Give all of the data below again exactly, and drop the images.

§ **Dataset content**:
################
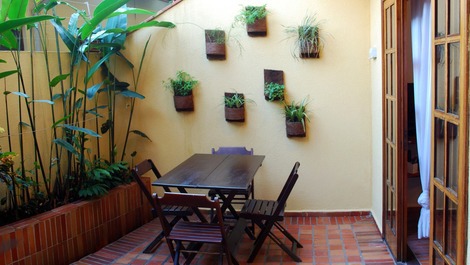 CONDOMINIUM Santa Lucía - JUQUEHY House 150m from the Beach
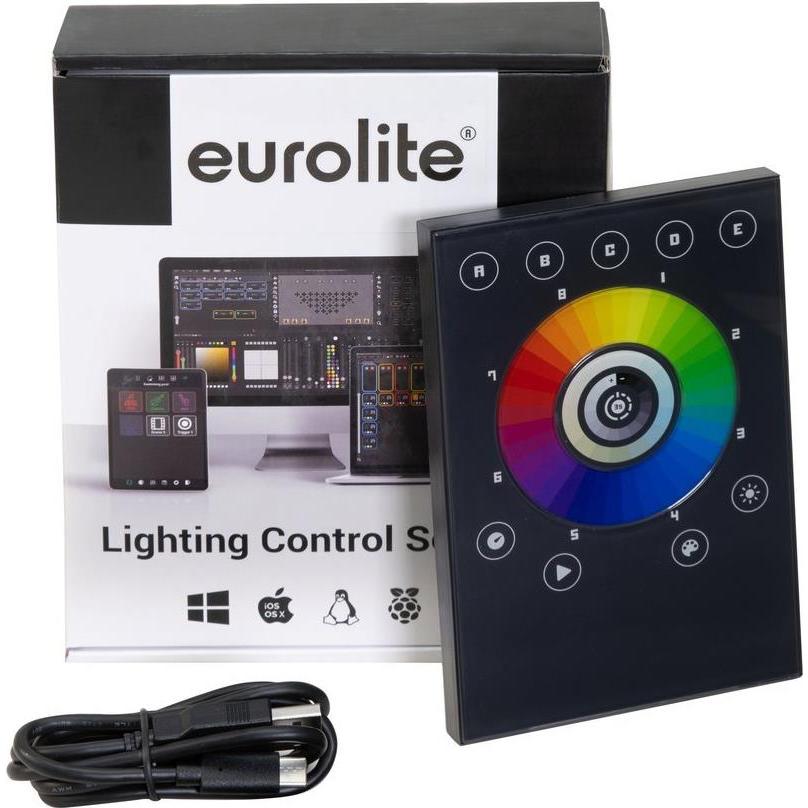 Thumbnail - Eurolite TOUCH-512 Standalone-Player, Zubehör DJ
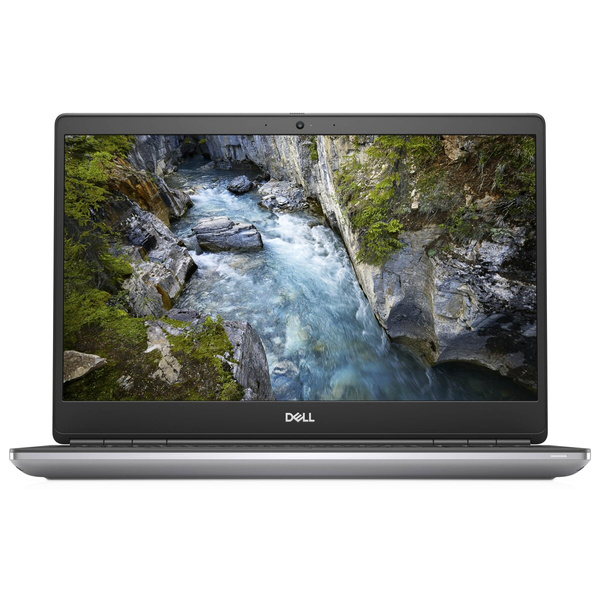 Dell Precision 7550 Core i7 10850H (10-gen) 2,7 GHz / 32 GB / 480 SSD / 15,6'' FullHD / Win 11 Pro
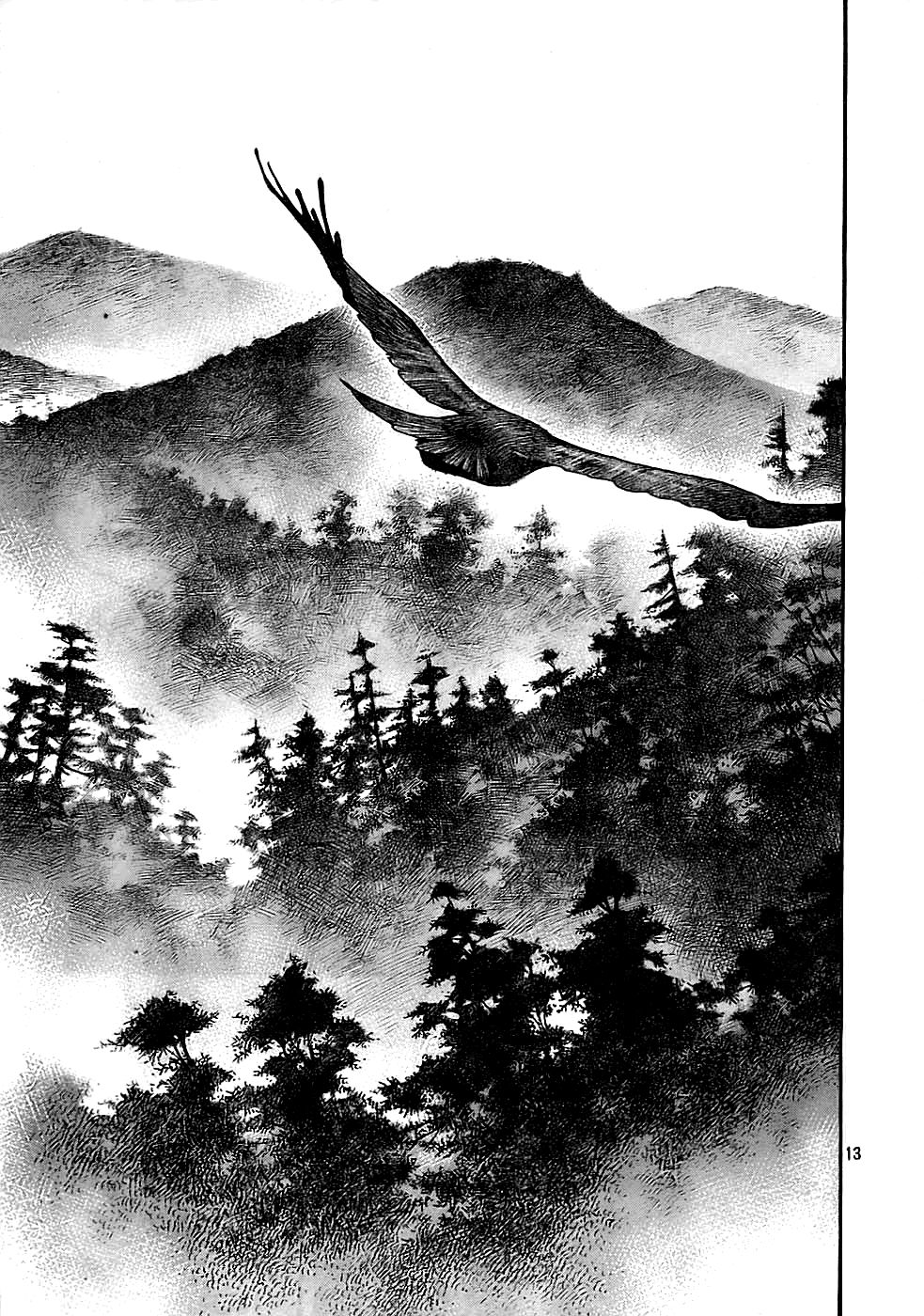 Vagabond chapter 279 page 12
################
§ **The answer**:
 CONDOMINIUM Santa Lucía - JUQUEHY House 150m from the Beach
 Thumbnail - Eurolite TOUCH-512 Standalone-Player, Zubehör DJ
 Dell Precision 7550 Core i7 10850H (10-gen) 2,7 GHz / 32 GB / 480 SSD / 15,6'' FullHD / Win 11 Pro
 Vagabond chapter 279 page 12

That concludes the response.